This next post is a little sentimental, but no less “grr-worthy.” A little over a year ago I lost my mother to her 26-year battle with alcoholism and since then I’ve slowly climbed away from a number of strange neurological side effects. Until today, I thought roses were ruined for me forever.
For the first time in over a year I smelled roses and didn’t gag. Everything about the situation was wrong: the 80-degree November morning and the roses themselves, sluggishly in bloom despite the season, and visibly waiting to be spared. And as I walked past the front yard that housed this odd scene, I caught a whiff. It was faint at first, but the farther I walked past, the more the fragrance grew. And as it rose, I admired the scent more and more until suddenly I realized there was something especially unusual, almost troubling, about this otherwise unusual scene.

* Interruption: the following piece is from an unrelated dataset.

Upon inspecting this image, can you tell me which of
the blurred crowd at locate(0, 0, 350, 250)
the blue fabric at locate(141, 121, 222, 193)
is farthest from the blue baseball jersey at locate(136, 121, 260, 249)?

I paused to consider the missing ingredient. It was the unmistakable odor of formaldehyde. This atrocious smelling chemical is used to treat bodies of the deceased between their autopsy and their burial, if in fact the family has chosen a viewing or open casket funeral. This odor, almost like a ghost limb, has been neurologically attached to the scent of roses since my mom’s funeral.
The lift, or disappearance of formaldehyde, is amazing. On some deeper level I’m sure it represents some part of my grieving process, a kind of letting go perhaps. The hardest thing I’ve ever done has been letting go of my mother who was dead the whole time she was alive, or at least the whole time I was alive.
It made me think about how comfortable people get in the recovery process. Like a bad breakup, it’s less frightening at times to hang onto bitterness and resentment than it is to drop those feelings and emerge into a new emotional place. At some point during my grief and recovery, I defined myself by it, so naturally I never wanted to let it go.
But I had a pumpkin pie to bake.
A few weeks ago a friend of mine explained the word “enjoy” to her 3-year-old daughter. She defined the word as “something you do for pleasure.” I hoped the little girl would say she enjoyed life, or enjoyed being happy, which is what I would have said if her mother asked me what I enjoy.
The roses, they don’t smell like embalming ingredients anymore. The war is over. I kept walking to the store; prouder and even happier than I’d been when I left the house initially. It’s 80-degrees in November and honestly, almost too hot to spend the afternoon in the kitchen baking a pumpkin pie. But the show goes on. And it’s better than ever.